WORK INSTRUCTION: Leave out any picture and return the remaining listing below exactly as given.

DATA RECORDS:
+ + + + +

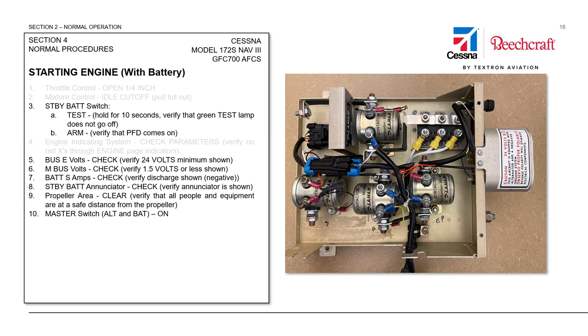As we continue through the checklist, we'll verify that the propeller area is clear. We always want to do this before turning on the main power to the aircraft, because if the start contactor is stuck closed, we could have a spinning propeller which could injure somebody. So always make sure the propeller area is clear before turning on the main power.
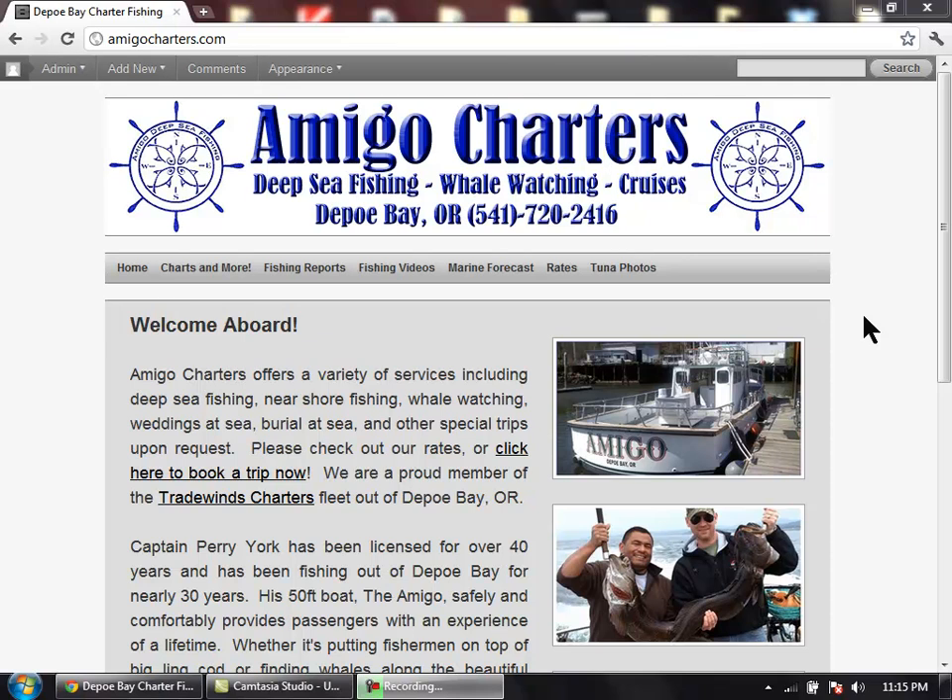Ahoy there, this is your crew from the Amigo out of Depoe Bay, Oregon. We're a proud member of the Tradewinds Charters fleet and today I'm going to show you how to locate tuna water.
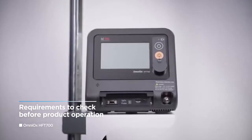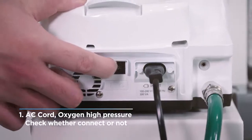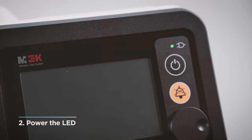Before operating the Omniox HFT700, check that the following has been done. Make sure the power cable and oxygen high pressure hose are connected to the device and power switches are turned on at the rear side. The AC power LED will turn green when the device is ready to be powered on.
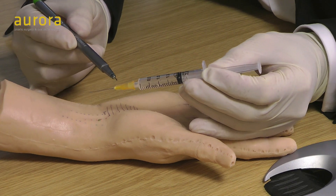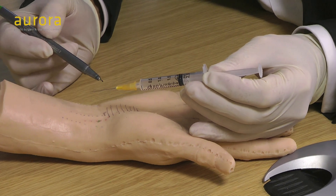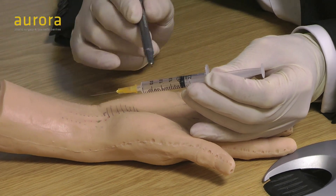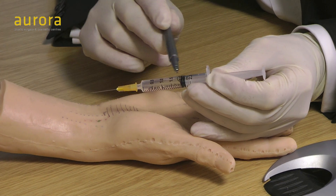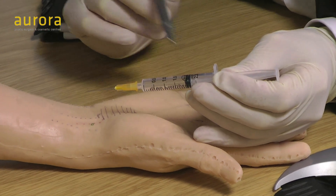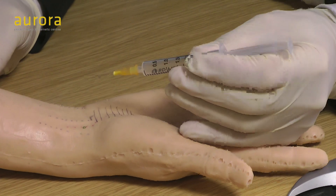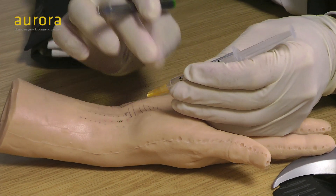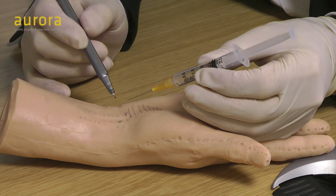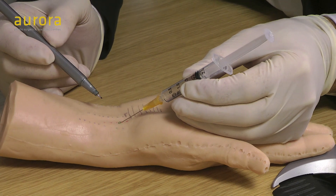I always like to use the orange needle because the smaller the needle, the less painful and less traumatic it is for the patient. I've got two mils in there: one mil of local anaesthetic lignocaine and one mil of triamcinolone 10 milligrams per mil. It doesn't really matter what steroid you use — use whatever's familiar to you. Bevel of the needle up, numbers on the syringe towards you, gloves on, sterile skin — and we're all ready to go.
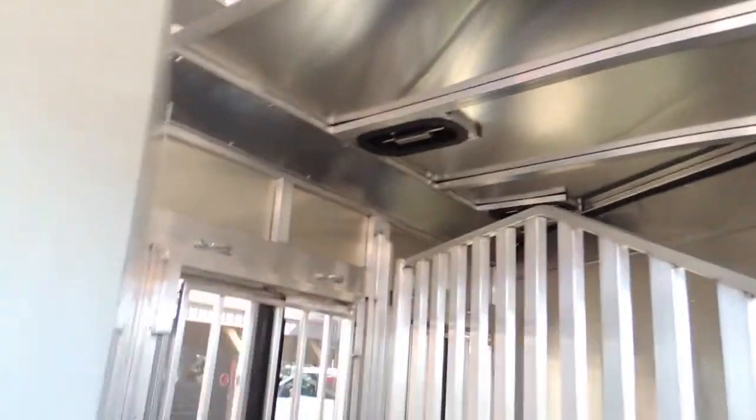You're double-walled, rubber-lined. Got your drop-down feed doors with all your slats on the side. It's 7'6" tall with two-way roof vents.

+ + + + +

RESULT OF THE EXERCISE:
As we continue through the checklist, we'll verify that the propeller area is clear. We always want to do this before turning on the main power to the aircraft, because if the start contactor is stuck closed, we could have a spinning propeller which could injure somebody. So always make sure the propeller area is clear before turning on the main power.
Ahoy there, this is your crew from the Amigo out of Depoe Bay, Oregon. We're a proud member of the Tradewinds Charters fleet and today I'm going to show you how to locate tuna water.
Before operating the Omniox HFT700, check that the following has been done. Make sure the power cable and oxygen high pressure hose are connected to the device and power switches are turned on at the rear side. The AC power LED will turn green when the device is ready to be powered on.
I always like to use the orange needle because the smaller the needle, the less painful and less traumatic it is for the patient. I've got two mils in there: one mil of local anaesthetic lignocaine and one mil of triamcinolone 10 milligrams per mil. It doesn't really matter what steroid you use — use whatever's familiar to you. Bevel of the needle up, numbers on the syringe towards you, gloves on, sterile skin — and we're all ready to go.
You're double-walled, rubber-lined. Got your drop-down feed doors with all your slats on the side. It's 7'6" tall with two-way roof vents.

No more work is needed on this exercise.